WORK INSTRUCTIONS
From first line to last, print the records exactly, but leave out the pictures.

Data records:
···

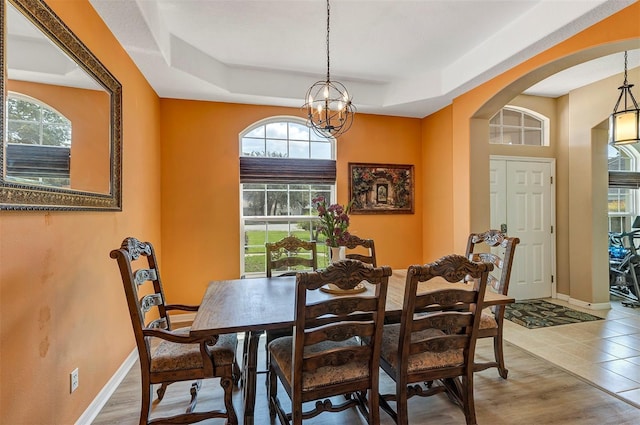 34231 Shadewood Cir, Leesburg, FL 34788 - dining room featuring arched walkways, healthy amount of natural light, a chandelier, and a tray ceiling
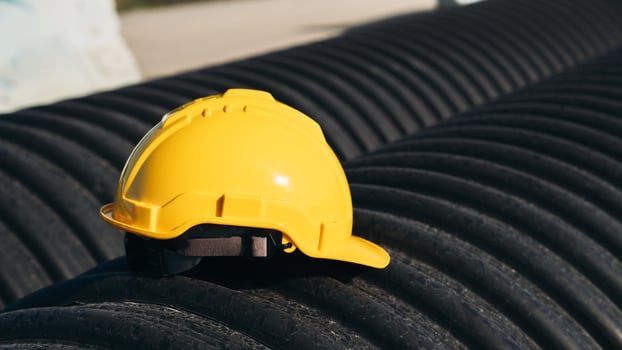 A yellow hard hat sits on top of a pipe photo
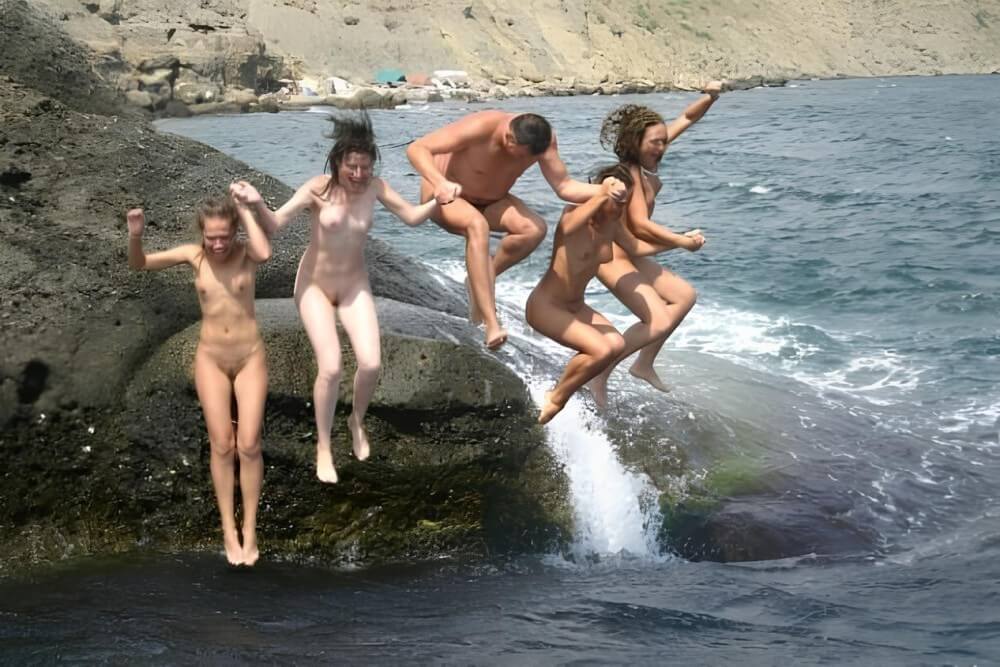 Mens and girls nudists on a beach - Striving for harmony with nature—its okay to be a little naked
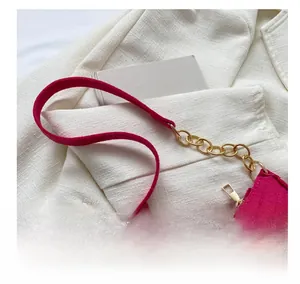 Detail of rose pink quilted velvet shoulder bag with gold chain and metal zipper closure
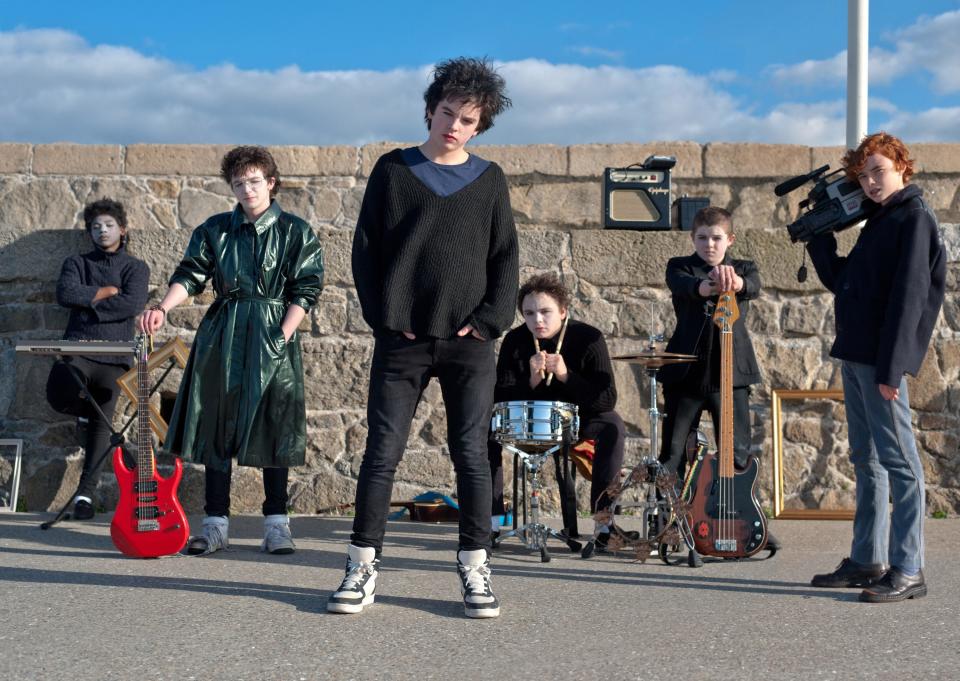 A group of teenagers pose for their band's photo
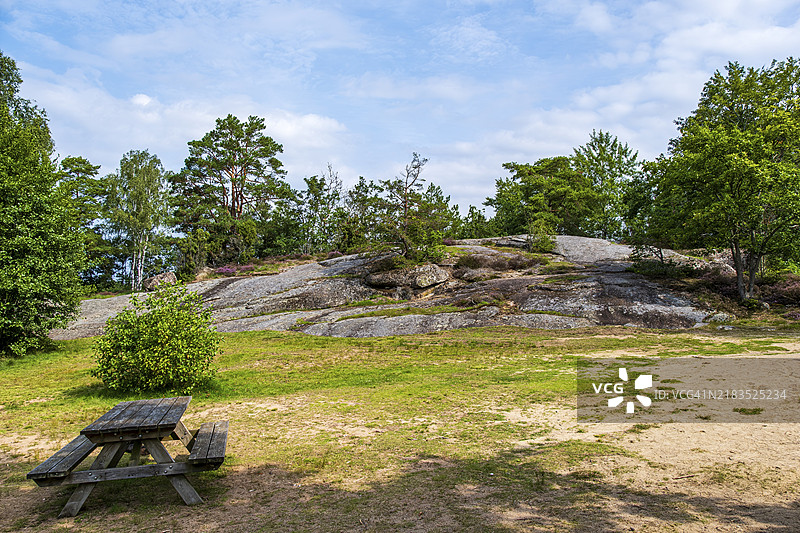 理想的休息场所和位于瑞典布莱金厄省霍尔姆斯约附近的斯托拉阿尔尤根湖岸边的岩石森林景观图片素材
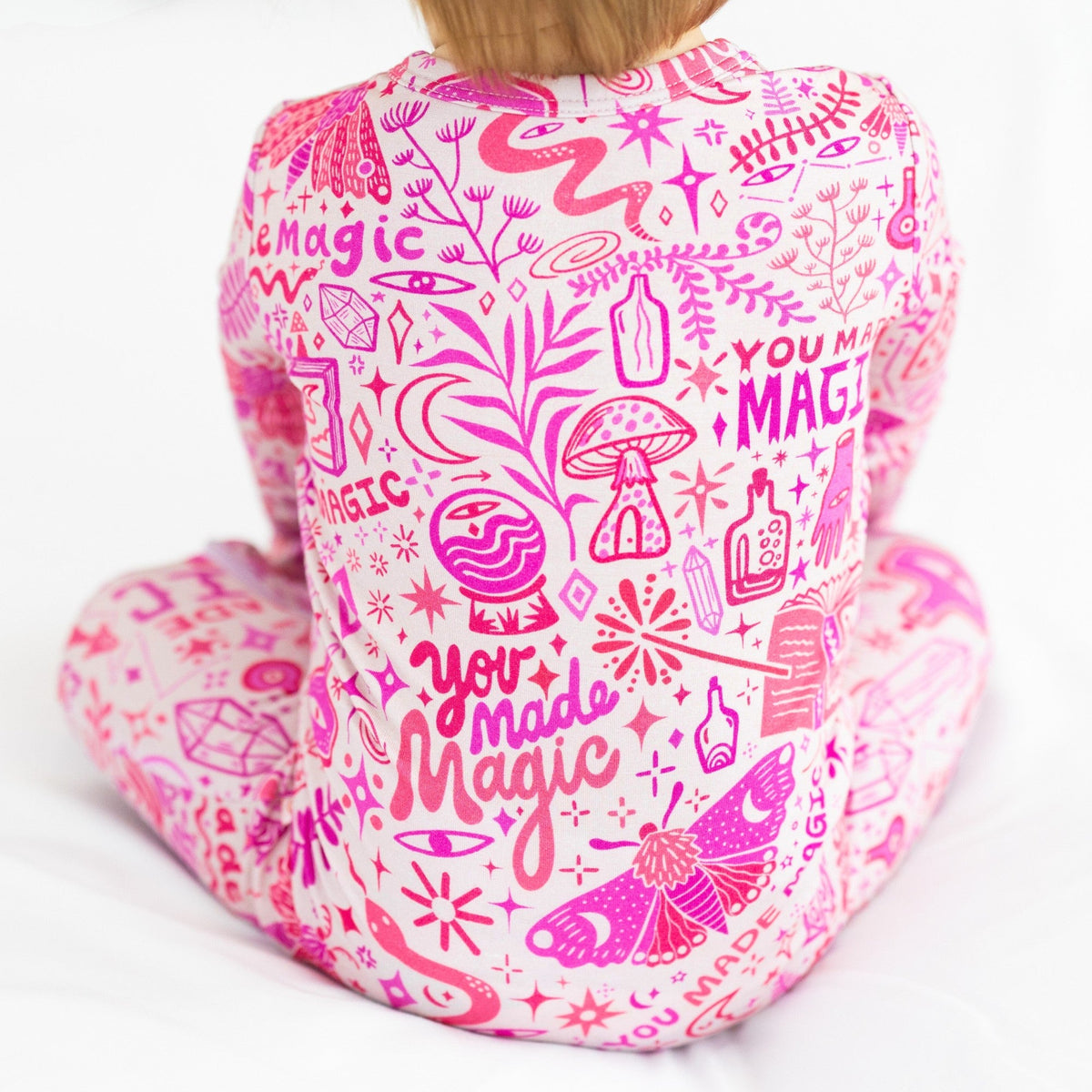 The Second-Skin Bamboo Zippered Footie | Mystic Mama with charming grips on the soles, preventing slips while allowing little ones to wiggle.
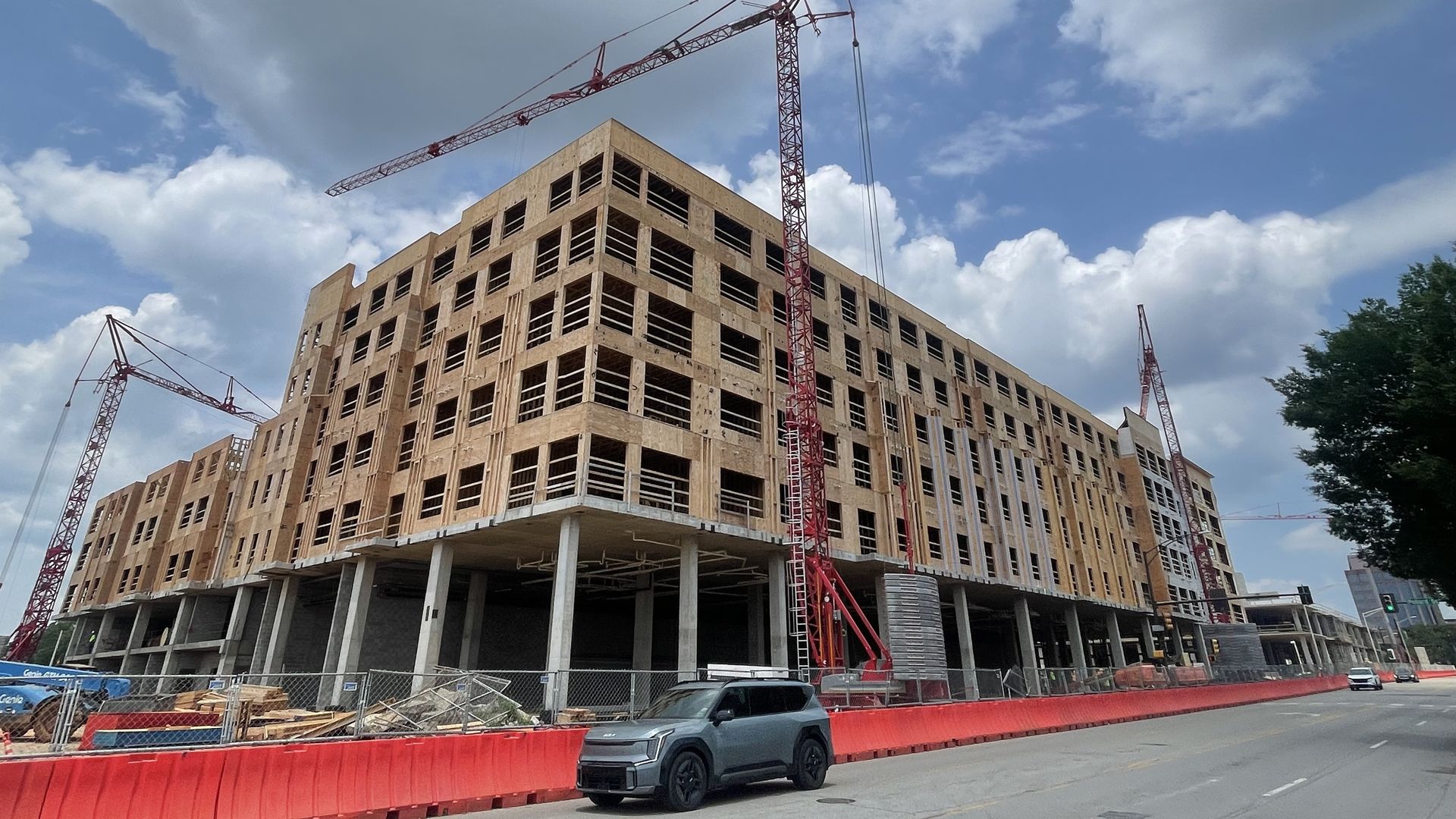 Red crane towers over a multi-story building under construction; wooden framing shows, blue sky with clouds, a red barrier along the street, and a gray SUV parked nearby.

···

ANSWER TO THE EXERCISE
 34231 Shadewood Cir, Leesburg, FL 34788 - dining room featuring arched walkways, healthy amount of natural light, a chandelier, and a tray ceiling
 A yellow hard hat sits on top of a pipe photo
 Mens and girls nudists on a beach - Striving for harmony with nature—its okay to be a little naked
 Detail of rose pink quilted velvet shoulder bag with gold chain and metal zipper closure
 A group of teenagers pose for their band's photo
 理想的休息场所和位于瑞典布莱金厄省霍尔姆斯约附近的斯托拉阿尔尤根湖岸边的岩石森林景观图片素材
 The Second-Skin Bamboo Zippered Footie | Mystic Mama with charming grips on the soles, preventing slips while allowing little ones to wiggle.
 Red crane towers over a multi-story building under construction; wooden framing shows, blue sky with clouds, a red barrier along the street, and a gray SUV parked nearby.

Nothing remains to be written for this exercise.